The utility model also provides an electronic equipment, a serial communication port, include as above bone vocal print sensor.

The utility model discloses in, through setting up vibration damping on the vibrating diaphragm, can utilize vibration damping's damping characteristic, the frequency response characteristic of adjustment vibrating diaphragm to can suppress peak sensitivity, improve bone voiceprint sensor's frequency response characteristic, enlarge bone voiceprint sensor's work bandwidth width, promote product property ability.

In addition, the working bandwidth, the peak sensitivity and the like of the bone voiceprint sensor can be adjusted by adjusting the volume (such as the length, the width, the height and the like) and/or the material, the elastic modulus and the like of the vibration damping, so that the adaptability of the bone voiceprint sensor is improved.

Drawings

In order to more clearly illustrate the embodiments of the present invention or the technical solutions in the prior art, the drawings needed to be used in the description of the embodiments or the prior art will be briefly described below, it is obvious that the drawings in the following description are only some embodiments of the present invention, and for those skilled in the art, other drawings can be obtained according to the structures shown in the drawings without creative efforts.
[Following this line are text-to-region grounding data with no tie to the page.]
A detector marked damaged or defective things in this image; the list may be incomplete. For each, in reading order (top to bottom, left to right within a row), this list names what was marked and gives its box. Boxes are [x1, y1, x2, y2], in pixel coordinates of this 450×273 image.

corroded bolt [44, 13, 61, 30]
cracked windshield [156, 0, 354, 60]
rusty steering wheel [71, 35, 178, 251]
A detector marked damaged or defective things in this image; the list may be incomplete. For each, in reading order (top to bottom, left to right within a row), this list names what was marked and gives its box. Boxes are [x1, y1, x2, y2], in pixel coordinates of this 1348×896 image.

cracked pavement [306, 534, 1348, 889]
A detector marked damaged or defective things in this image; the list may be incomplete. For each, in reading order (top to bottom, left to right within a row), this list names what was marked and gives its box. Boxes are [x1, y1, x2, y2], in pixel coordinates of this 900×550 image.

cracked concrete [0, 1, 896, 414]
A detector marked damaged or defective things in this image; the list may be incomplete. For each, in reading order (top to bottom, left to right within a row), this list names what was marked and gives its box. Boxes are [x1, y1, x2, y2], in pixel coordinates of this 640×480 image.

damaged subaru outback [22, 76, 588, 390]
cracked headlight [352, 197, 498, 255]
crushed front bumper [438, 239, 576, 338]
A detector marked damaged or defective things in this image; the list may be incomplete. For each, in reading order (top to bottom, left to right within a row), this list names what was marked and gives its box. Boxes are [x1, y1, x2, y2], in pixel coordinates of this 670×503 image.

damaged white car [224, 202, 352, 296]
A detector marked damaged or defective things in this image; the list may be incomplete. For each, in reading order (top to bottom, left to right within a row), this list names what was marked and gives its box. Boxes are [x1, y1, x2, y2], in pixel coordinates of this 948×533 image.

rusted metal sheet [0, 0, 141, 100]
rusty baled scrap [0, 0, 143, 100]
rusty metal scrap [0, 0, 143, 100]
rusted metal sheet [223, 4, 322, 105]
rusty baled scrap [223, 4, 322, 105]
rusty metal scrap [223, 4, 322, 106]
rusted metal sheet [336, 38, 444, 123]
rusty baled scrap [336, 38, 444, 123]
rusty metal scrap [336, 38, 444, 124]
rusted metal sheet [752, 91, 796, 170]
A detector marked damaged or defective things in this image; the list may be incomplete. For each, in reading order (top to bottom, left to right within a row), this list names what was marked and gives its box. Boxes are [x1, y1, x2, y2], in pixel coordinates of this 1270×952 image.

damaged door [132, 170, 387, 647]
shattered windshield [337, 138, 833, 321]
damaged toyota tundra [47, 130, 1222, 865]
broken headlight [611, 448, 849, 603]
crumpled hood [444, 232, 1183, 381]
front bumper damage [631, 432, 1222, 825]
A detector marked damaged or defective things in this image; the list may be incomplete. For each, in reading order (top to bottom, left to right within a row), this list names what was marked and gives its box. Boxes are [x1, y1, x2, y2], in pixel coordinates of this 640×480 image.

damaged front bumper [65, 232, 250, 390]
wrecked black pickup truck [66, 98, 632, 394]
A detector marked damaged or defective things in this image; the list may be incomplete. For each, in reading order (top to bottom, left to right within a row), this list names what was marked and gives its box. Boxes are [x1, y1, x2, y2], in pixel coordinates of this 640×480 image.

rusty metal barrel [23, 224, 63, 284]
Fig. 1 is a schematic structural diagram of an embodiment of the bone voiceprint sensor of the present invention;

FIG. 2 is a graph of sensitivity versus vibration frequency for the bone voiceprint sensor of FIG. 1;

fig. 3 is a schematic structural diagram of another embodiment of the bone voiceprint sensor according to the present invention;

fig. 4 is a schematic structural diagram of another embodiment of the bone voiceprint sensor according to the present invention;

fig. 5 is a partial enlarged view of fig. 4 at D.

The reference numbers illustrate:

the objects, features and advantages of the present invention will be further described with reference to the accompanying drawings.

Detailed Description

The technical solutions in the embodiments of the present invention will be described clearly and completely with reference to the accompanying drawings in the embodiments of the present invention, and it is obvious that the described embodiments are only some embodiments of the present invention, not all embodiments. Based on the embodiments in the present invention, all other embodiments obtained by a person skilled in the art without creative efforts belong to the protection scope of the present invention.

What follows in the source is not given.